Desvanecida
Corrían los años en que los vuelos de la muerte eran
parte de la memoria. Sol se asomó a la ventanilla inocentemente intentando ver
el techo del mundo sobre aquellos copos blancos, etéreos. El sol se atisbaba
entre las nubes y los rayos acariciaban el manto blanco que se extendía delante
de sus primerizos ojos de tripulación de bautismo. Era su primer vuelo, el
primer contacto con una sensación de los pies fuera del mundo terrenal, el
cabal conocimiento de tener conciencia de estar flotando en salutación con los
ángeles... si es que aquello era posible.

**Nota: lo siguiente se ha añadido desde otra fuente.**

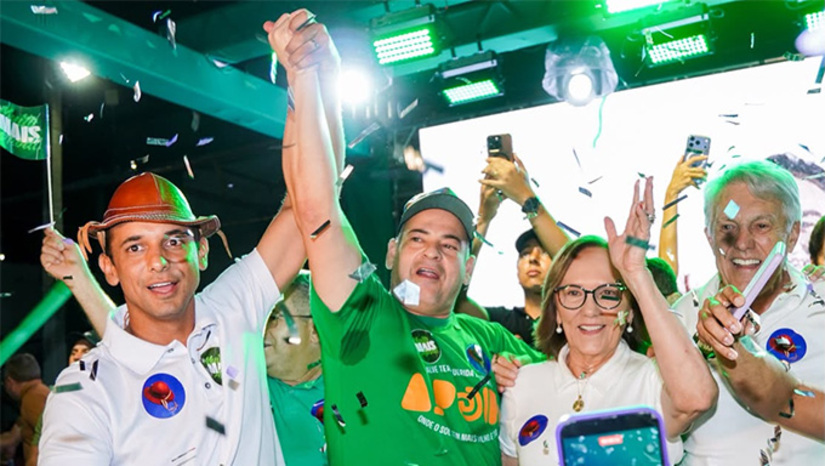   Em Apodi, o evento contou com a presença do candidato ao Governo do Rio Grande do Norte, Allyson Bezerra (União Brasil), do deputado estadual e candidato à reeleição Neilton Diógenes (PP) e da senadora Zenaide Maia (PSD), candidata à reeleição, além dos candidatos João Maia e Robson Faria, que também buscam novo mandato na Câmara Federal.  Prestigiaram também o encontro vários prefeitos da região, como Mariana Almeida, de Pau dos Ferros; Raimundo Pezão, de Umarizal; Roberto Pezão, de Itaú; Jacinto Carvalho, de Severiano Melo, Arthur Targino, de Messias Targino, entre outras liderenças da região. Seguiremos unidos para garantir ainda mais desenvolvimento para nossa cidade e para o Rio Grande do Norte.”, afirmou Sabino. O candidato Allyson Bezerra defende um gestão estadual próxima aos gestores municipais.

Su amado tras la emoción inicial del despegue dormía
inquietamente, pero con una sonrisa sardónica que anticipaba el encuentro. Soñó
con esa mirada tierna de aquellos ojos que lo vieron deslumbrante entre las
tinieblas de la celda. Breves instantes fueron los que transcurrieron entre el
alumbramiento y la presencia de una oscuridad atroz que lo acompañó toda la
vida. Condenado a morir siempre se sintió a punto de estallar, ya no le quedaba
fuerzas para sostener ese brillo inicial de la vida. Reflejos de matrices
pasadas, cual flashes subrepticios del más allá lo atormentaban, hasta que una
mañana habiendo cumplido la mayoría de edad, decidió poner fin a la sensación
de estar desnaturalizado. Nunca sintió el apego, la ligazón y la pertenencia a
sus padres, su hogar. Siempre con los pájaros volando, más allá de este
mundo. Los sueños de nieto recuperado se
mezclaban con el sentimiento impreciso de temor que provoca estar tan lejos, a
diez mil quilómetros de la realidad y tan cerca, allí donde quería encontrarse
cuando la llama de Betelgeuse se apagara.
Un pestañeo fracturó el instante en que el astro se
escondió detrás de una nube de polvo. Un copo de recuerdos, el alumbramiento y
el rostro maternal oscureció de repente el cosmos. Aquella, la desconocida, se asomó para marcar
su presencia tras la “expulsión traumática”.